# Step 1: Introduction

I use the popular ToDoist application to track all of my open tasks. ToDoist has many strengths - e.x. a clean user interface, presence on every platform, and gamification features (ToDoist Karma). One of its main flaws, however, is the omission of useful tools that could be used to track productivity.

The purpose of this analysis is to use the ToDoist API to derive insights about how to improve my productivity. Some of the questions investigated are the following: 

- How many tasks were completed on a weekly basis?
- What is the breakdown of completed tasks by required energy level?
- Is there a correlation between number of total tasks completed and required energy level?
- How many professional project tasks contain the word 'meeting' or 'ship'? 

# Step 2: Data Wrangling

In [None]:
import pandas as pd
import numpy as np
import datetime
from todoist.api import TodoistAPI
import pytz
import matplotlib.pyplot as plt
import seaborn as sns

myToken = '6de0c48443150c63ac197ac8fb141a00e471eb03'
api = TodoistAPI(myToken)

In [None]:
print(api.state['projects'][1:3])

## Create Project Table

In [None]:
def parseProjectData(sourceProjectData, idList, projectList, colorList, parentIdList):
    """Creates subset of relevant project data from raw API output.
    Args:
        sourceProjectData: Dictionary of project data pulled directly from ToDoist API.
        idList: List containing project id(s).
        projectList: List containing project names.
        colorList: List containing project colors.
        parentIdList: List containing parent id(s).

    Returns:
        idList: List containing project id(s).
        projectList: List containing project names.
        colorList: List containing project colors.
        parentIdList: List containing parent id(s).
    """
        
    for sourceProject in sourceProjectData:
        myId.append(sourceProject['id'])
        myProjects.append(sourceProject['name'])
        myColor.append(sourceProject['color'])
        myParentId.append(sourceProject['parent_id'])
    
    return idList, projectList, colorList, parentIdList

In [None]:
myId, myProjects, myColor, myParentId = [], [], [], [] 

currentProjectData = api.state['projects']
archivedProjectData = api.projects.get_archived()

myId, myProjects, myColor, myParentId = parseProjectData(currentProjectData, myId, myProjects, myColor, myParentId)
# myId, myProjects, myColor, myParentId = parseProjectData(archivedProjectData, myId, myProjects, myColor, myParentId)

In [None]:
projectTable = pd.DataFrame({'id' : myId,
                        'parent_id' : myParentId,
                        'color' : myColor }, index = myProjects, dtype = 'int64')

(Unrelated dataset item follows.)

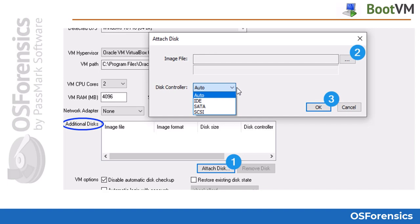For example, if you seized a workstation as evidence and in addition to the operating system disk, there were also additional internal or external storage disks, you could add those images here in order to completely and accurately replicate that system in a virtual protected environment.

projectTable = projectTable[['id','color','parent_id']]
print (projectTable)

## Create Item Table

In [None]:
rawItemList = api.completed.get_all(project_id = projectTable.loc['Professional','id'], limit = 50, offset = 0, until = '2017-6-29T10:13', since = '2017-5-29T10:13')
len(rawItemList['items'])

In [None]:
def my_range(start, end, step):
    """Custom loop counter.
    Args:
        start: Initial value.
        end: Terminal value.
        step: Increment value.

    Returns:
        start: List of loop values.
    """
    while start < end:
        yield start
        start += step

In [None]:
len(api.activity.get(object_type = 'item', event_type = 'completed', until = '2017-12-31T23:13', since = '2017-1-1T00:01', limit = 100))

In [None]:
endDate = '2017-10-31T23:59'
startDate = '2017-08-01T00:01'

#endDateFmt = datetime.datetime.strptime(endDate, "%Y-%m-%dT%H:%M")
countDateFmt = datetime.datetime.strptime(endDate, "%Y-%m-%dT%H:%M")
startDateFmt = datetime.datetime.strptime(startDate, "%Y-%m-%dT%H:%M")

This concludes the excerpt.